Start of DATA EXTRACTS

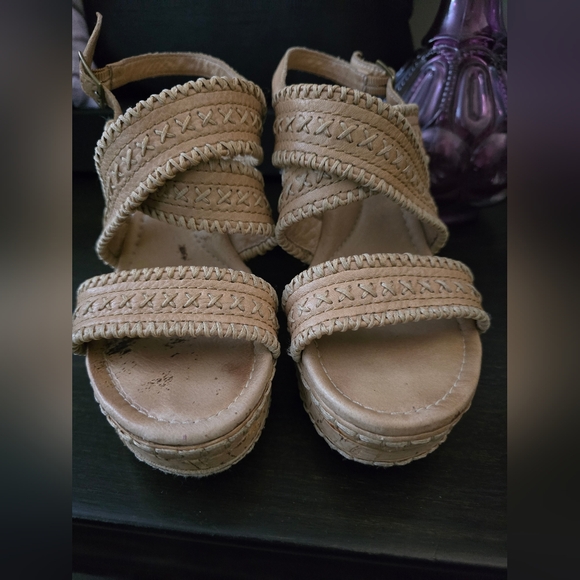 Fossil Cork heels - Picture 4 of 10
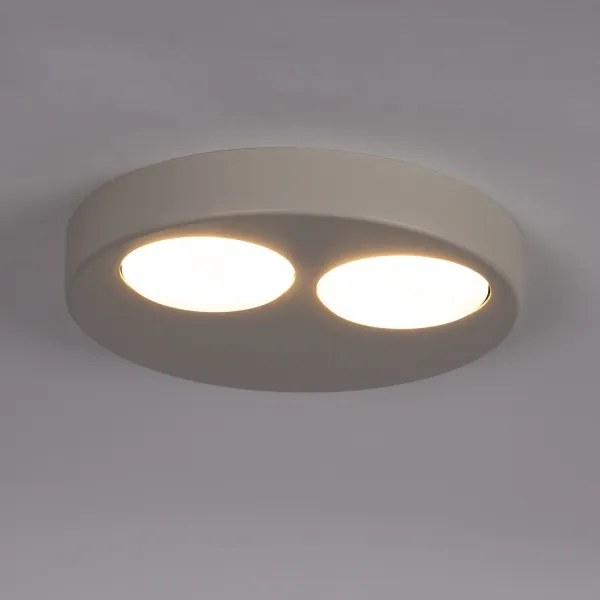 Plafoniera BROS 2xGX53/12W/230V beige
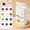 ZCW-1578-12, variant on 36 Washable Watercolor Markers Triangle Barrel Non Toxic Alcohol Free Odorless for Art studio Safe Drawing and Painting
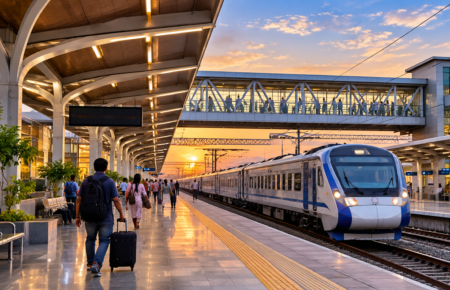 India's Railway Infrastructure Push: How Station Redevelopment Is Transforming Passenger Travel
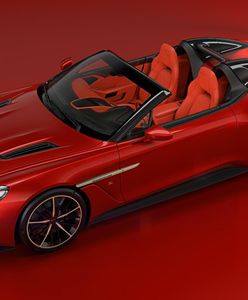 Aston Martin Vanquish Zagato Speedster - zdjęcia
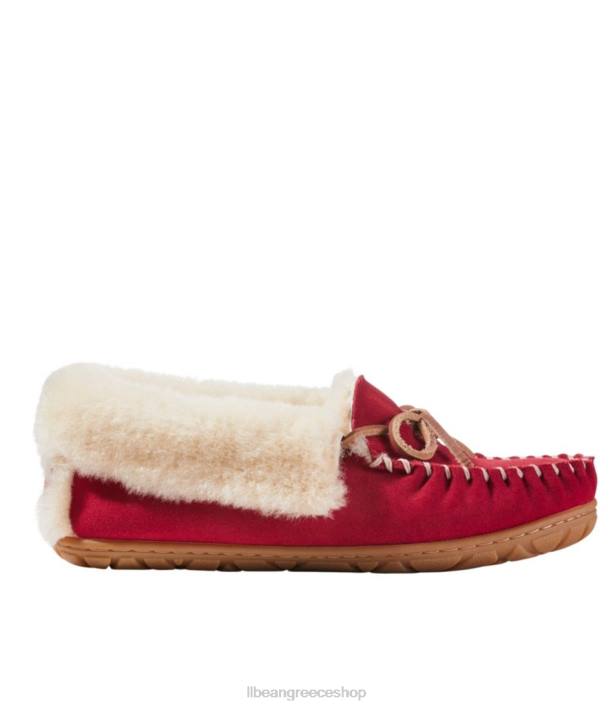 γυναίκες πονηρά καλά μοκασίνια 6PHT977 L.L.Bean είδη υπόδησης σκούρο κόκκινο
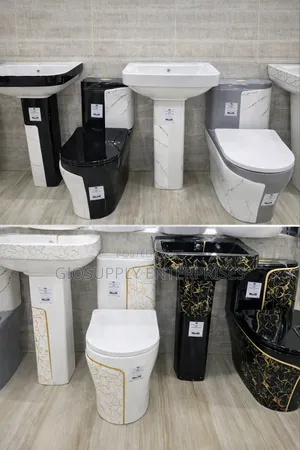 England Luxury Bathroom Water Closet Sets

End of DATA EXTRACTS
Start of DATA EXTRACTS

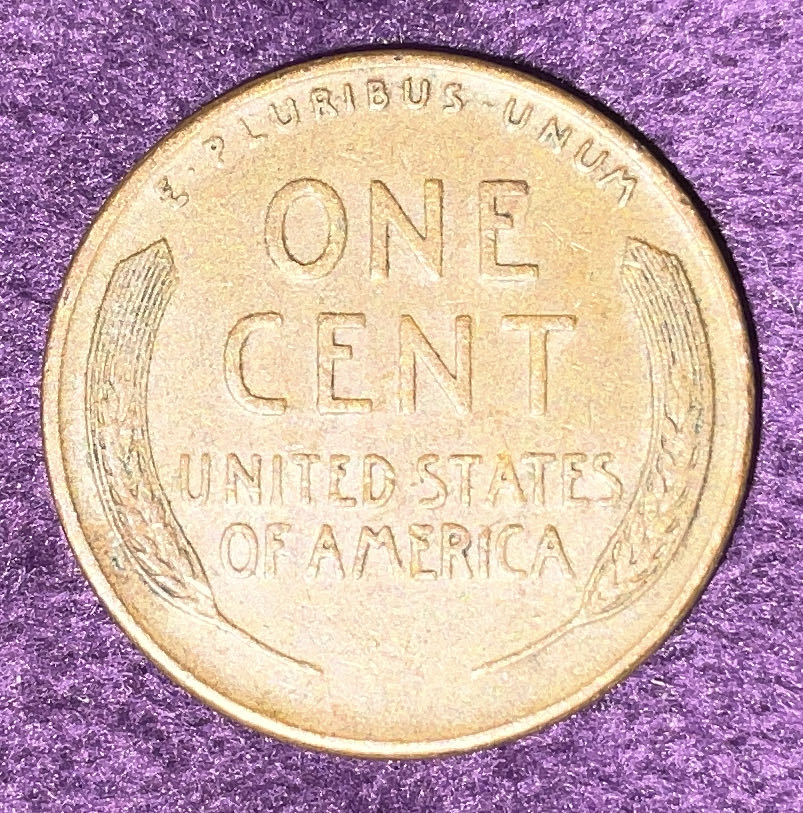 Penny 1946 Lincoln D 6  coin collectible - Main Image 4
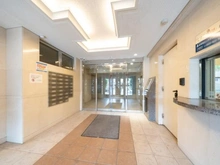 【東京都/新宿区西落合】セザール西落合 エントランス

End of DATA EXTRACTS

WORK TO BE COMPLETED: What's needed is an exact copy of the lines above from the one with "γυναίκες πονηρά καλά" through the one with "England Luxury Bathroom Water Closet Sets", both included; the pictures stay out.

FINAL ANSWER:
 γυναίκες πονηρά καλά μοκασίνια 6PHT977 L.L.Bean είδη υπόδησης σκούρο κόκκινο
 England Luxury Bathroom Water Closet Sets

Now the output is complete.